**Task details**
Quote the whole listing exactly. Leave the pictures out of your copy.

**Data segment**
———

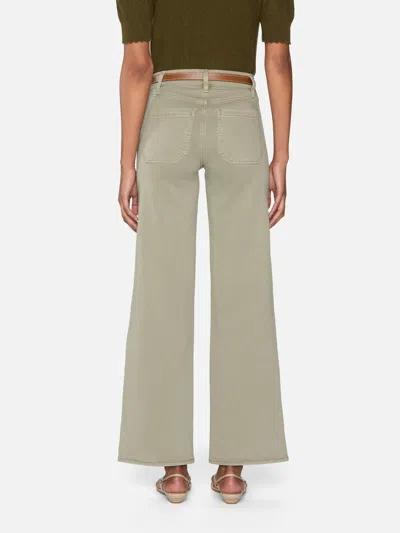 Frame Le Slim Palazzo Patch Pocket High Waist Wide Leg Jeans In Gray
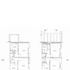 First floor plans before and after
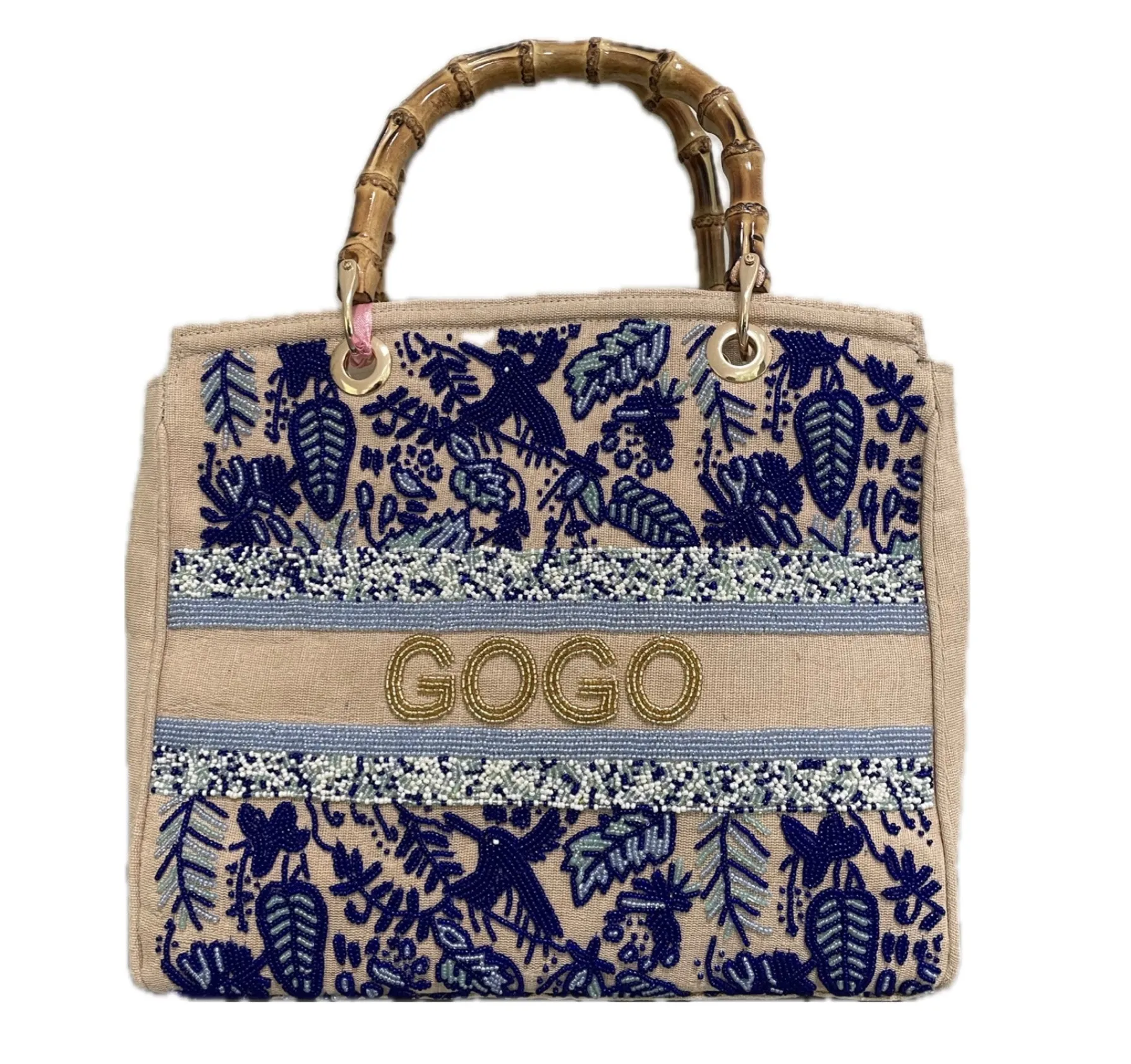 Sample GOGO Bamboo handle Tote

———

**Response**
 Frame Le Slim Palazzo Patch Pocket High Waist Wide Leg Jeans In Gray
 First floor plans before and after
 Sample GOGO Bamboo handle Tote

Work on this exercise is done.